"""

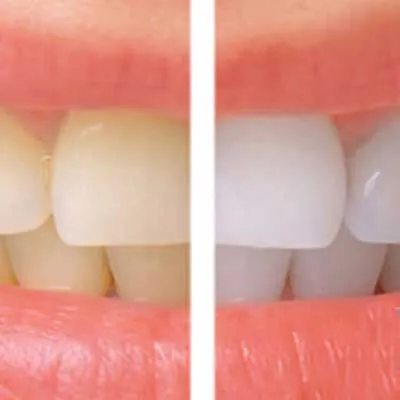 33895 teeth whitening aftercare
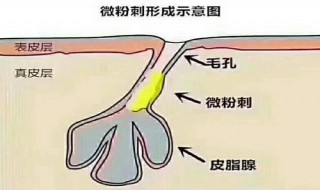 如何有效应对毛孔堵塞（怎么样才能解决毛孔堵塞）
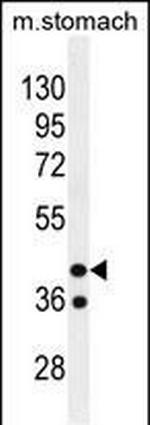 GIN1 Antibody in Western Blot (WB)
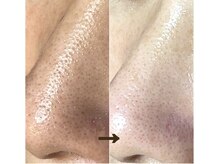 カミーシャ(KaMi-Sha)/【40代女性】毛穴改善症例写真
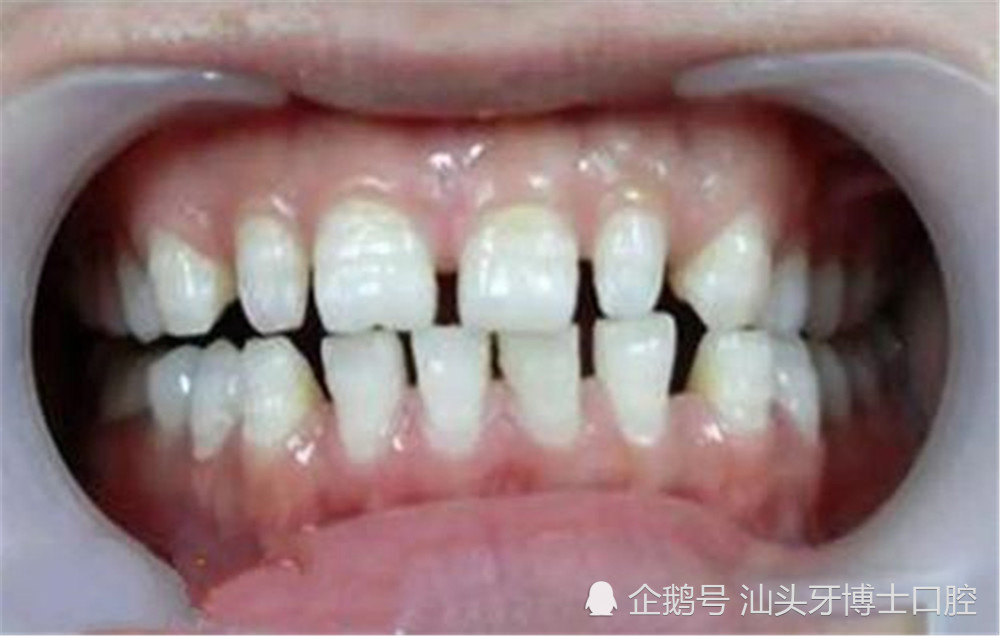 宝宝牙缝大,乳牙牙缝大,乳牙换牙,多生牙,阻生牙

"""

Directions | Copy exactly the lines from the one containing "GIN1 Antibody in Western Blot (WB)" through the final line of the records above, both included, and leave out any pictures.

Result |
 GIN1 Antibody in Western Blot (WB)
 カミーシャ(KaMi-Sha)/【40代女性】毛穴改善症例写真
 宝宝牙缝大,乳牙牙缝大,乳牙换牙,多生牙,阻生牙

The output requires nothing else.